Much of this impulse, however, has not found its way into policy, for two reasons. One is the tendency of all governments to decide that, after all, they would rather keep power than give it away. The other is to do with the party, its internal discipline, and Mr Cameron's belief that it needed to be repositioned. A key component was to get MPs and activists to stop banging on about Europe, the chief interest of many of them, but of not all that many voters. In fact, polls suggest it's not even the chief interest of people who vote Ukip.

Well, we can see how well that's worked out for the Prime Minister. The last few days have established licence for everyone now to bang on about the EU all the way to the next Parliament, when the referendum promise won't be worth the paper it's written on in any case, because no Parliament can bind its successors.

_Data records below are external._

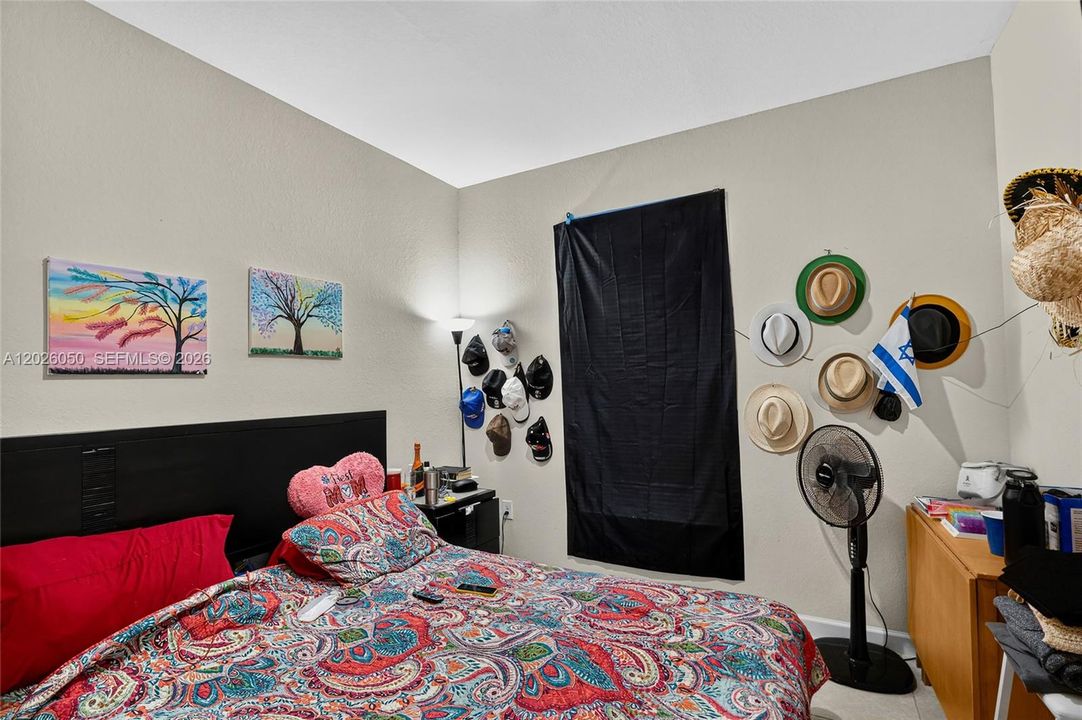 For Sale: $675,000 (4 beds, 3 baths, 2312 Square Feet)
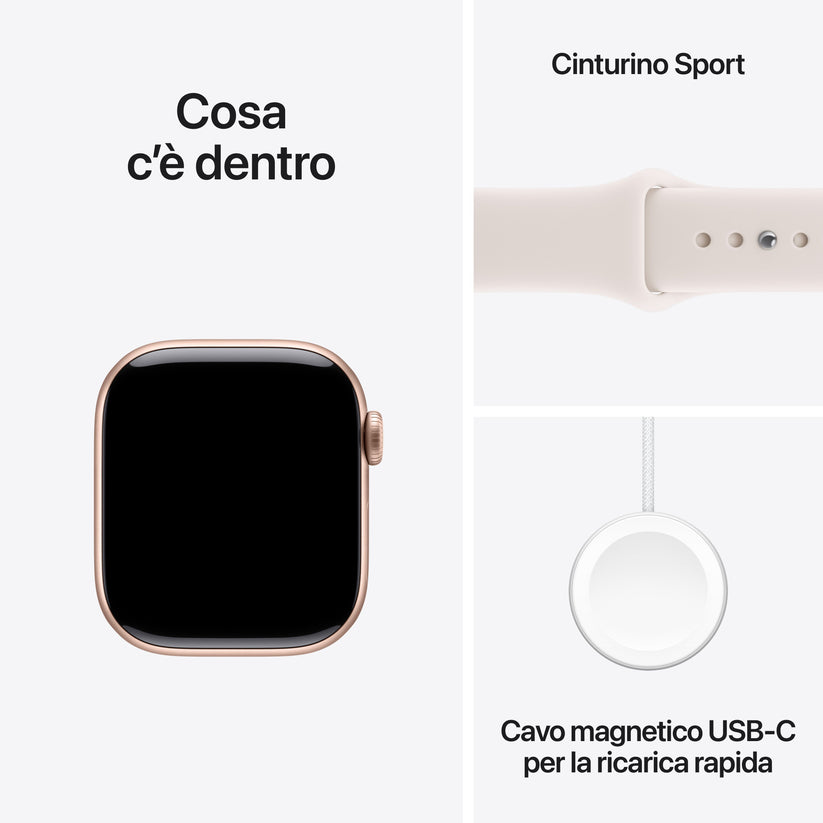 Apple_Watch_Series_11_42mm_GPS_Rose_Gold_Aluminum_Sport_Band_Light_Blush_PDP_Image_Position_9__ITIT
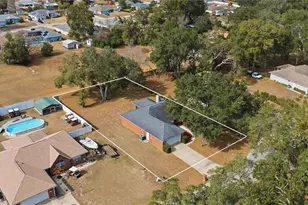 10660 SW 73rd Ave, Ocala, FL 34476 - Photo 35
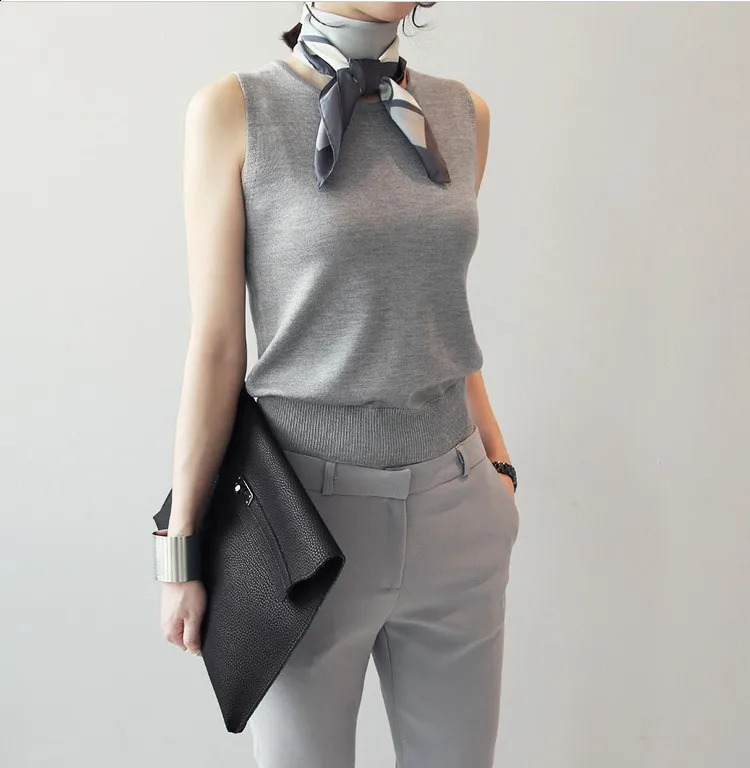 Fashion Day Clutch Simple Style Evening Bag Soft Leather Envelope For Women Cover Buckle Purse 240729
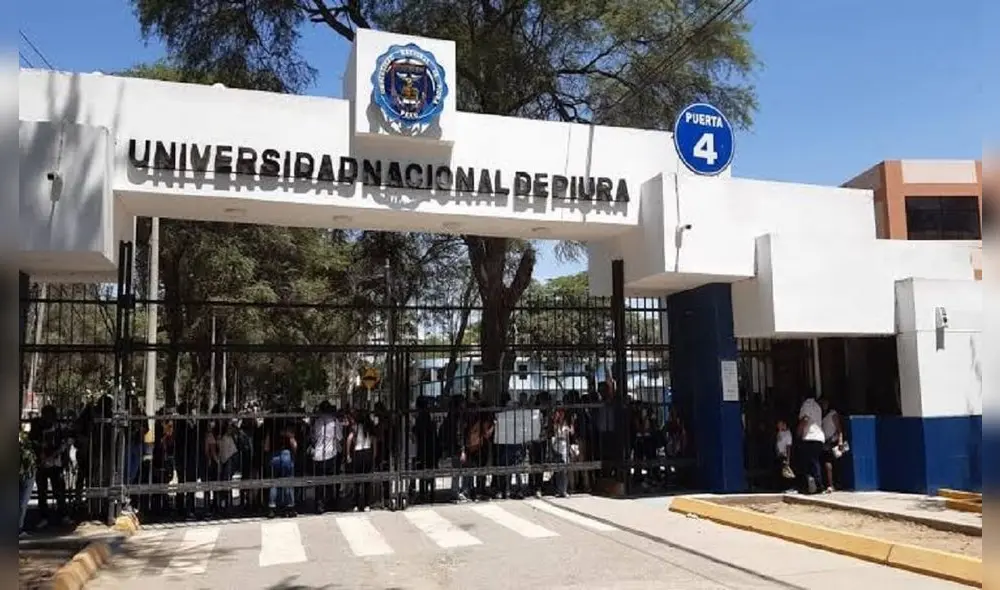 La UNP tomó decisiones y pidió a la población presentar denuncias de existir irregularidades. Foto: La República La UNP tomó decisiones y pidió a la población presentar denuncias de existir irregularidades. Foto: La República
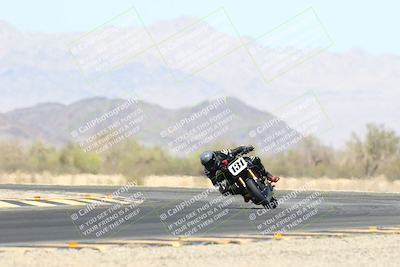 media/Apr-20-2025-CVMA (Sun) [[39090e8767]]/Race 14-Formula 2-CVMA Hooligans/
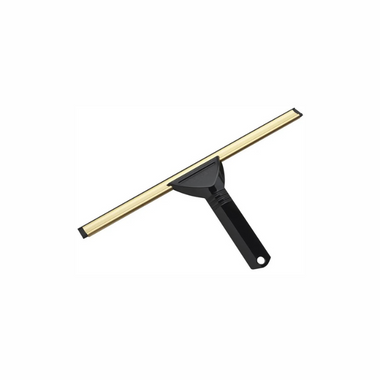 Squeegee PRO 400mm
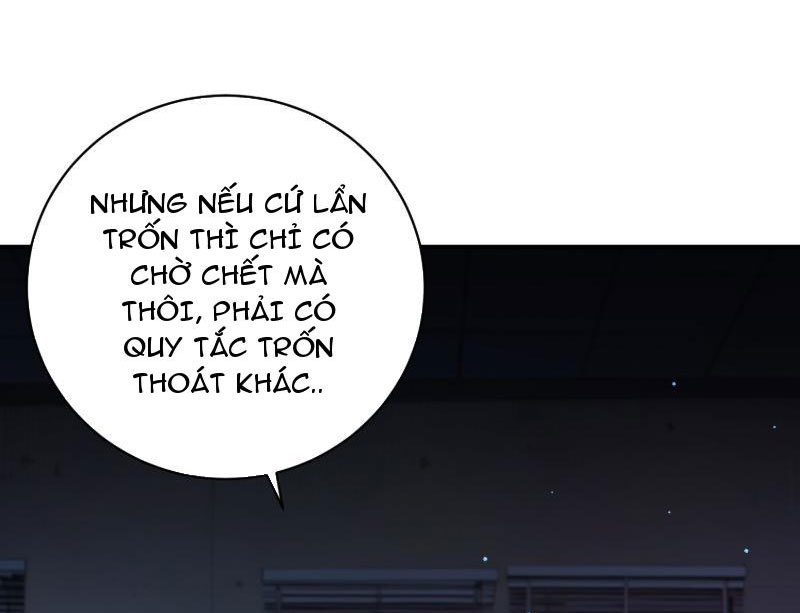 Người Chơi Hệ Tu La: Chapter 2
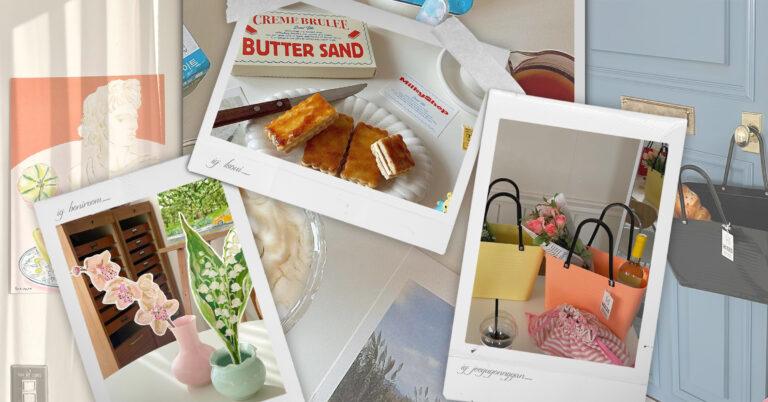 Soulful Apartment เมืองใหญ่ การใช้ชีวิตคนเดียว และการแต่งห้องสไตล์มินิมอลที่เป็นต้นแบบของคนรุ่นใหม่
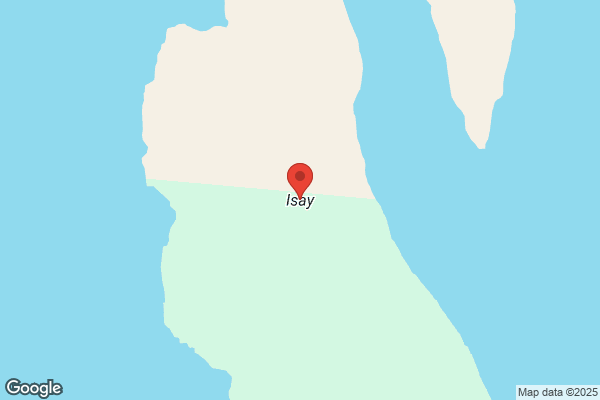 ゲオ浜松初生店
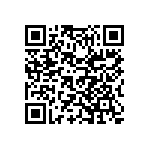 Y07935K49000B9L QRCode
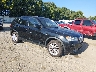 5UXWX9C56E0****** Salvage and Wrecked 2014 BMW X3 in Knoxville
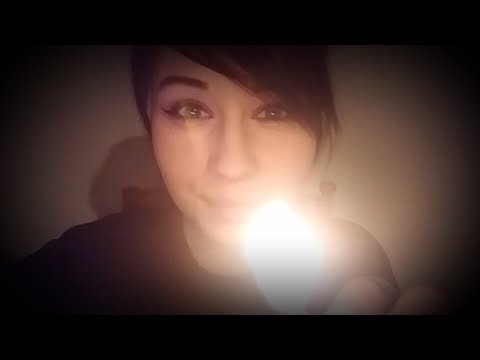 ASMR | 🔥Lighting Matches Pt.2 | Tracing | Fizzling In Water | No Talking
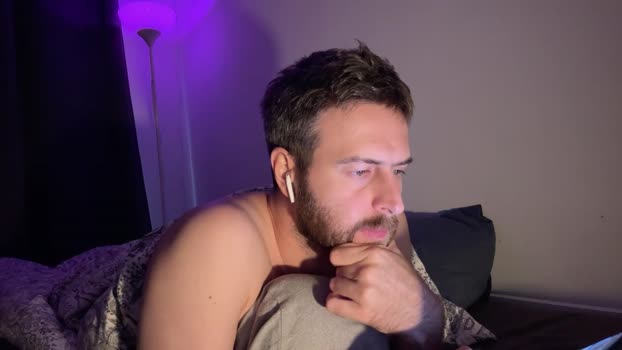 dickjulian 01-11-2025 video nasty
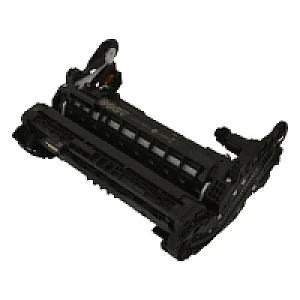 Ricoh D0A42021 drum zwart (origineel) Ricoh D0A42021 drum zwart (origineel)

It's of interest to the other referendum, too, because a poll at the weekend suggests that Scots would be more likely to vote yes to independence if it looked as though the UK would vote to leave the EU.

One can't help feeling that last week's Farage farrago in Edinburgh could have been easily avoided; his opponents looked foolish for trying to paint him as some sort of racist while, apparently without irony, telling him to go back to England. But why did they even bother? Mr Farage's party is attracting no more than two Scots out of every thousand; they could practically all get into the pub at the same time as their leader.

I'm very interested in the outcome of both referendums, and very keen that the debate over both unions is properly aired. On that basis, I have to conclude that the swivel-eyed loons at the grassroots have shown a great deal more sense than the leadership of the Conservative Party.

Mr Cameron would surely be in a happier position if he had simply accepted that letting the electorate choose between the options was the right thing to do. By expending his energy trying to avoid that, he's managed to alienate almost everyone. And even when he finally tried to do the right thing, and allow people a say, he's managed to do it in such a ham-fisted fashion that he's reinforced the notion that he and his friends hold his own party's foot soldiers in contempt.

If ever there was an argument for trusting the people, and moving as many decisions as possible to the local level, it is that kind of party management. Mr Cameron doesn't just need to look at the case for devo max in Scotland, but for the rest of the UK, and for their own internal affairs. Without that, it's hard to see how, when the people have spoken – as in the end they are bound to – he'll like what they've had to say.